Portslade Village to the north, nestles in a valley of the South Downs and still retains its rural character with flint buildings, a village green and the small parish church of St Nicolas which is the second oldest church in the city dating from approximately 1150.
Another notable building in the village is Portslade Manor, one of the few surviving ruins of a Norman manor, built in the 12th Century it is now a Scheduled Ancient Monument. Foredown tower houses one of only two cameras obscura in the south of England. It is open to the public.
Portslade-by-Sea to the south, straddles the small but busy seaport harbour basin of Shoreham-by-Sea harbour and is the industrial centre of Brighton and Hove. Terraced housing dating back to the nineteenth century is interspaced with parks and allotments. Boundary Road is the main shopping area as well as being the location of the railway station, with direct trains to London Victoria with a journey time of about an hour.
Portslade in history
Portslade has been identified with the Roman port Novus Portus mentioned in Ptolemy's Geography of the second century AD. Drove Road, in the original Portslade Village, has been linked with the Roman road "the London to Portslade road" that passes through Patcham valley to Haywards Heath and on to Streatham in London. Roman remains and a Roman burial site were found in Roman Road. The name of the town had been thought to stem from the Roman placename Portus Adurni (modern Portchester), but this is based on a misidentification of Shoreham-by-Sea as Portus Adurni by Michael Drayton in the 17th Century. Indeed the River Adur, whose mouth has moved many times due to longshore drift and erosion, was also named from this misidentification. The actual etymology of Portslade may be portus- + -ladda, way to the port, where ladda is from the Old English for way, but this is conjectural at best.
The old name Copperas Gap for Portslade-by-Sea suggests that the coast was used for the production of copperas or green vitriol, a form of ferrous sulphate used extensively in the textile industry. The process took over six years and made use of iron pyrite-rich nodules that could be found in the strata of Sussex greensand stone that emerges at this point in the coast.

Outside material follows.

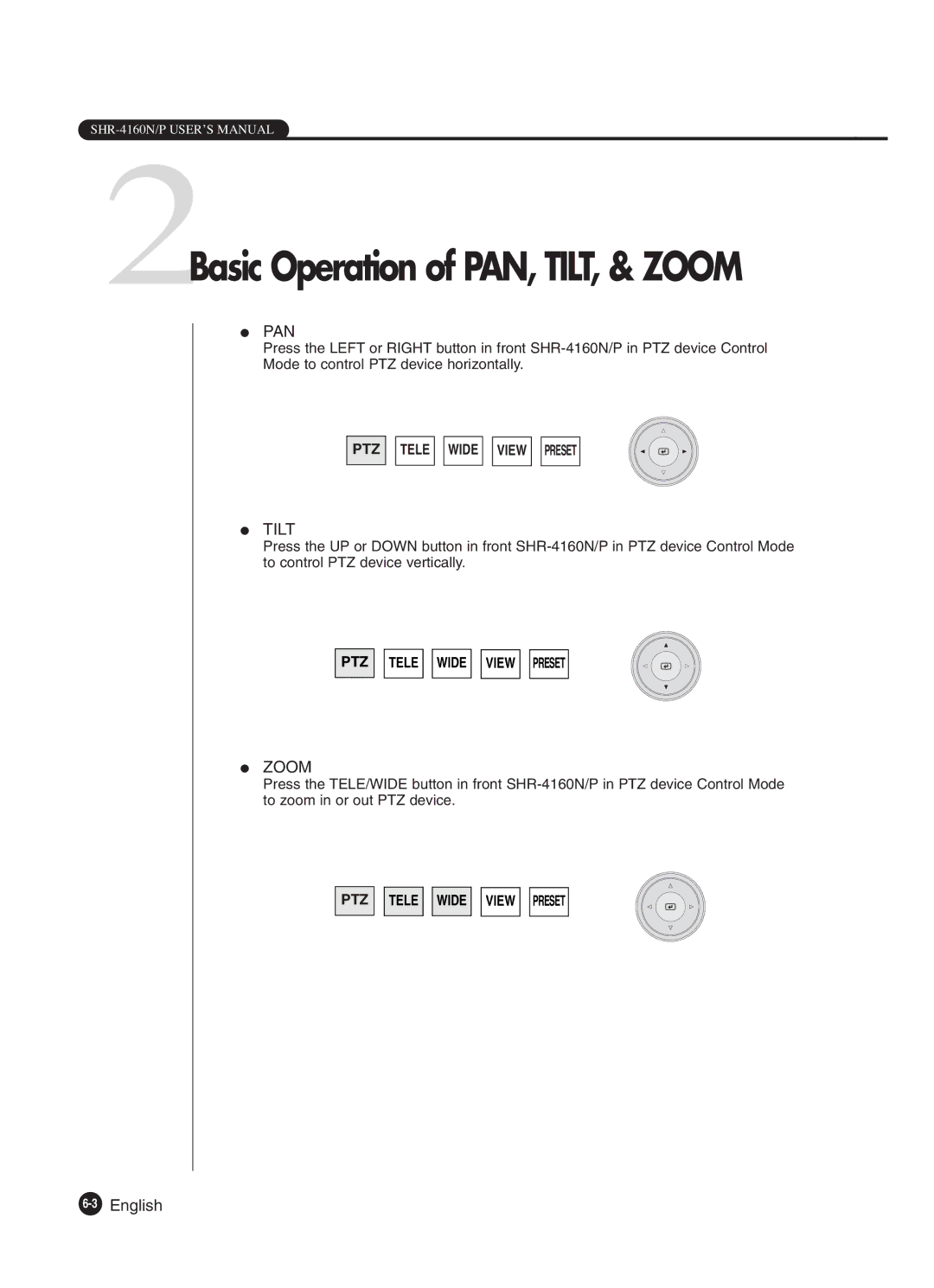 Samsung SHR-4160P manual 2Basic Operation of PAN, TILT, & Zoom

A part-finished assembly hall in Portslade became one of Britain's first cinemas circa 1930 when George Coles, who became one of the Odeon chain's principal architects, adapted the original design to create an Odeon cinema.

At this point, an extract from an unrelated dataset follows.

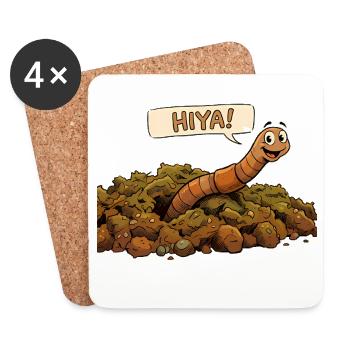 A smiling worm. Earthworm - Coasters (set of 4) - white - Front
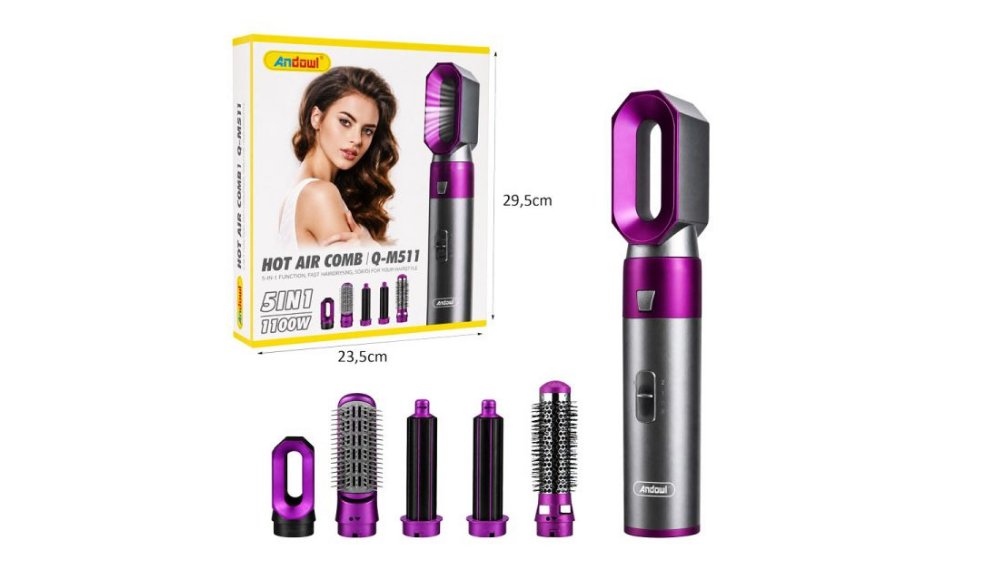 5 in 1 Hair Styler – Multi-Function Dryer, Curler & Straightener Set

Portslade-by-Sea was an urban district from the late nineteenth century to 1974, when it became part of the borough of Hove later to become part of the city of Brighton and Hove. Portslade town hall is on Victoria Road, and is used as a venue for various functions.
A Notable Portslade Resident of the 19th Century
Reverend Richard William Enraght was the Priest in Charge of St Andrew Church, Portslade by Sea from 1871-1874. Fr. Enraght’s belief in the Church of England's Catholic Tradition, his promotion of ritualism in worship, and his writings on Catholic Worship and Church-State relationships, led him into conflict with Disraili’s Public Worship Regulation Act . While serving as Vicar of Holy Trinity, Bordesley, Birmingham in 1880, he paid the ultimate price under the Act of prosecution and imprisonment in Warwick Prison. Fr. Enraght became nationally and internationally known as a “prisoner for conscience sake”.

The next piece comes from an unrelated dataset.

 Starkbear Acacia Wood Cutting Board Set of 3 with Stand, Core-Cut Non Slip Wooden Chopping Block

In February 2006 The Brighton Newspaper, The Argus, reported that Brighton & Hove City Council had accepted the name of Fr Richard Enraght, whom they described as a “fighter for religious freedom”, as a candidate for a Blue Plaque to be erected in his memory on his former home in Station Road, Portslade. The date of its installation is yet to be announced.
In September 2006, Brighton & Hove Bus and Coach Company honoured Revd Richard Enraght’s memory by naming one of their new fleet buses after this former Priest of St. Andrew Church Portslade. His name appears in the List of Brighton and Hove buses named after famous people.
Education
5-11
- St Mary's Catholic Primary School Portslade
- Portslade Infants School
- St Nicolas' CofE Junior School
- Benfield Junior School
- Mile Oak Primary School
- Peter Gladwin Primary School
11+
Special Schools
Rail Transport
Portslade railway station is located on the West Coastway Line. West of Southwick and East of Shoreham-by-Sea.